_Description of the task:_ Reproduce only the lines below from the line containing "KIA Rio III" to the line containing "Image 10 For 3039 Headland Avenue", exactly as written, with both end lines kept. Omit the pictures.

_Recorded information:_

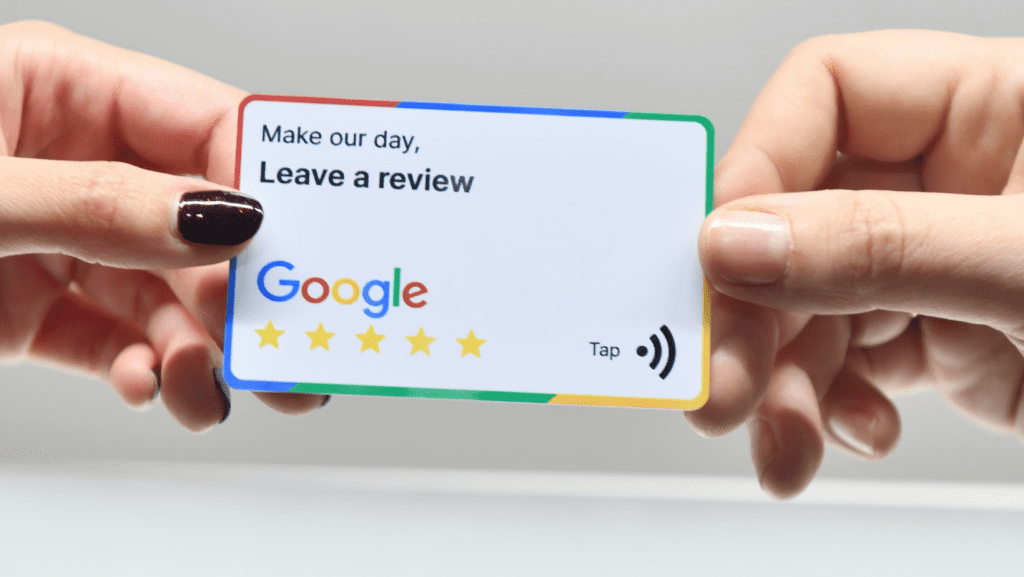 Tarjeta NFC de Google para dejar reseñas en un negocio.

--

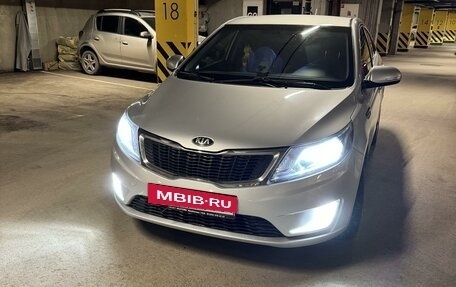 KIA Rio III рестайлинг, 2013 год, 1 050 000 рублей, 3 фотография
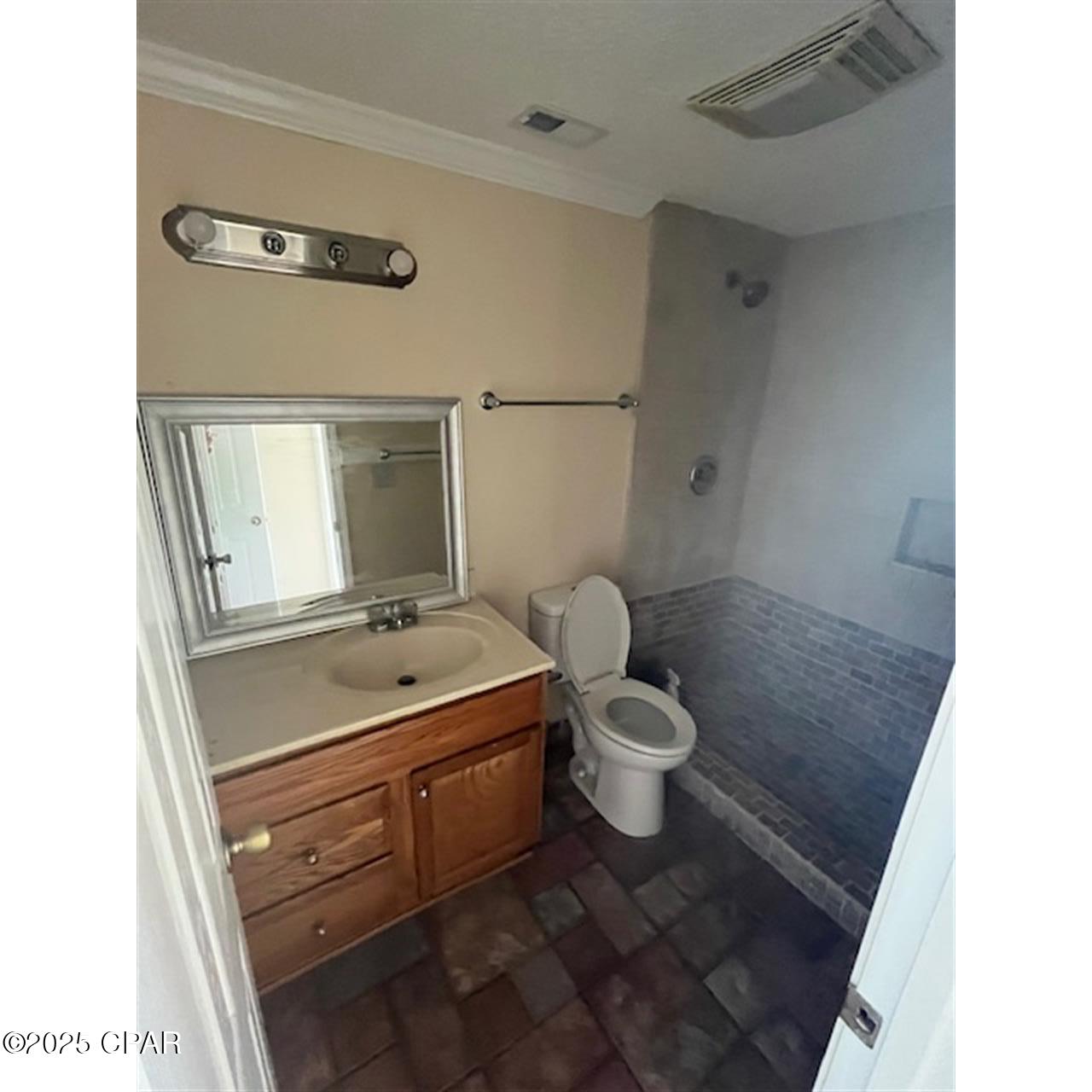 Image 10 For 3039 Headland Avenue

_Output of the task:_
 KIA Rio III рестайлинг, 2013 год, 1 050 000 рублей, 3 фотография
 Image 10 For 3039 Headland Avenue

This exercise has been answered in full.